As a major risk factor, high body mass index (BMI) attributed to 18.8% of deaths and 12.9% of disability-adjusted life years (DALYs) of NCDs in 2019 in Iran [6]. A J- or U-shaped relation between BMI and mortality was already established that both underweight and obesity categories were at higher mortality risk [7, 8]. Only a single measurement of BMI/weight was included in several previous cohort studies [7,8,9], which ignores the dynamic aspect of body weight over time. Therefore, the evaluation of long/short term consequences of weight change during certain life periods is also of high importance.

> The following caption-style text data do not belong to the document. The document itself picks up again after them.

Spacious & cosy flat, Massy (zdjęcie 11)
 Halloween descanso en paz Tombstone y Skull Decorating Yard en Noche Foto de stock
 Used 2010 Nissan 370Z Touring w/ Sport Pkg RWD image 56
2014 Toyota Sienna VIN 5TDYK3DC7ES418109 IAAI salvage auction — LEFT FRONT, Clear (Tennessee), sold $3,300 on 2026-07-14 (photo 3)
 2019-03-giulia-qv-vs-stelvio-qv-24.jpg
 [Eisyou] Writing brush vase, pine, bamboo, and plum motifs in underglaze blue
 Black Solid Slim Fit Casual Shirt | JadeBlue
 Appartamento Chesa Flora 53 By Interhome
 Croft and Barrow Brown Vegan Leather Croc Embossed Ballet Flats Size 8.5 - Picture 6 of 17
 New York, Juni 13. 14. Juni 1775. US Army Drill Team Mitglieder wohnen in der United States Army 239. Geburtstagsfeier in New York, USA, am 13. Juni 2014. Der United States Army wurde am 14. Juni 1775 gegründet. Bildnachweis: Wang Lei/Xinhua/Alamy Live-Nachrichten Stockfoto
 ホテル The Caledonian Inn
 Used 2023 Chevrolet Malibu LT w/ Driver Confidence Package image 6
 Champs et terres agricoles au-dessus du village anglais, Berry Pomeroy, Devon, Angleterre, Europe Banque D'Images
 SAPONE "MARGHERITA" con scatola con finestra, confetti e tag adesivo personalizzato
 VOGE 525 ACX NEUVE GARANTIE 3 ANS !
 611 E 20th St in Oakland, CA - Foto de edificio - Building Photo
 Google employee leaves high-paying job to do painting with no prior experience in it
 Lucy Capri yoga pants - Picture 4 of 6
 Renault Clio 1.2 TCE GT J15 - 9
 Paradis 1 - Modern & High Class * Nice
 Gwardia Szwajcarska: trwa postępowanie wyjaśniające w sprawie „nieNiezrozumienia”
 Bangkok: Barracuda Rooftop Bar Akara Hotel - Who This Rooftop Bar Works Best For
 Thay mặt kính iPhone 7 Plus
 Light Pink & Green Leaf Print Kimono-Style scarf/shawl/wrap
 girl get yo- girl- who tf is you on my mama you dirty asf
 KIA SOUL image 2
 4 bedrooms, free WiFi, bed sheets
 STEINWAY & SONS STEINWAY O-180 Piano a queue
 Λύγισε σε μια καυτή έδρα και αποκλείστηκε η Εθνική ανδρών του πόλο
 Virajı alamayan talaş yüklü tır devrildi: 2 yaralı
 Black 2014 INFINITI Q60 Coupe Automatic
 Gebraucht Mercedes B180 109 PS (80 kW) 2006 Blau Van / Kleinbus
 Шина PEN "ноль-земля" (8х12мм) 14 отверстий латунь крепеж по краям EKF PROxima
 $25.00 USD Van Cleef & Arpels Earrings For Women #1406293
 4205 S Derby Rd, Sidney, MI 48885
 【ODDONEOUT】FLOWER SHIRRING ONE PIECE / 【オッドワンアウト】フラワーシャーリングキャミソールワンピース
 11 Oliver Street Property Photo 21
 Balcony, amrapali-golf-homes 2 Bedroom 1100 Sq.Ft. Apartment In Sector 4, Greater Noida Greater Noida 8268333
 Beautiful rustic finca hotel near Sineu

A meta-analysis of 25 cohort studies reported that among individuals aged 40–65 years, weight loss and weight gain were associated with almost 45% and 7% increased all-cause mortality risk, respectively; the corresponding values were 50% and 21% for cardiovascular (CV) mortality risk, respectively [10]. Similarly, a recent meta-analysis of 30 prospective studies reported that compared with stable weight, both weight loss and weight gain were associated with 59% and 10% increased risk of all-cause mortality, respectively, among older adults[11]. It should be noted that in both of these meta-analyses, significant heterogeneities were reported among included studies (I2 ranged from 41%-89%). Ethnic/Racial differences have also been evidenced in body composition [12], obesity status [13], as well as weight management behavior [14]. Consequently, the association between weight change and longevity could also vary across ethnic/racial groups [15]. To the best of our knowledge, no study has evaluated the impact of weight change on all-cause, CV, and cancer mortality risk in the MENA region. We aimed to investigate the impact of 3-year weight change on mortality rates using a large-scale, population-based cohort of Iranian adults with more than a decade of follow-up.

Materials and methods

Study design and study population

The Tehran Lipid and Glucose Study (TLGS) is a prospective cohort study conducted on a representative sample of residents of Tehran, the capital of the Islamic Republic of Iran.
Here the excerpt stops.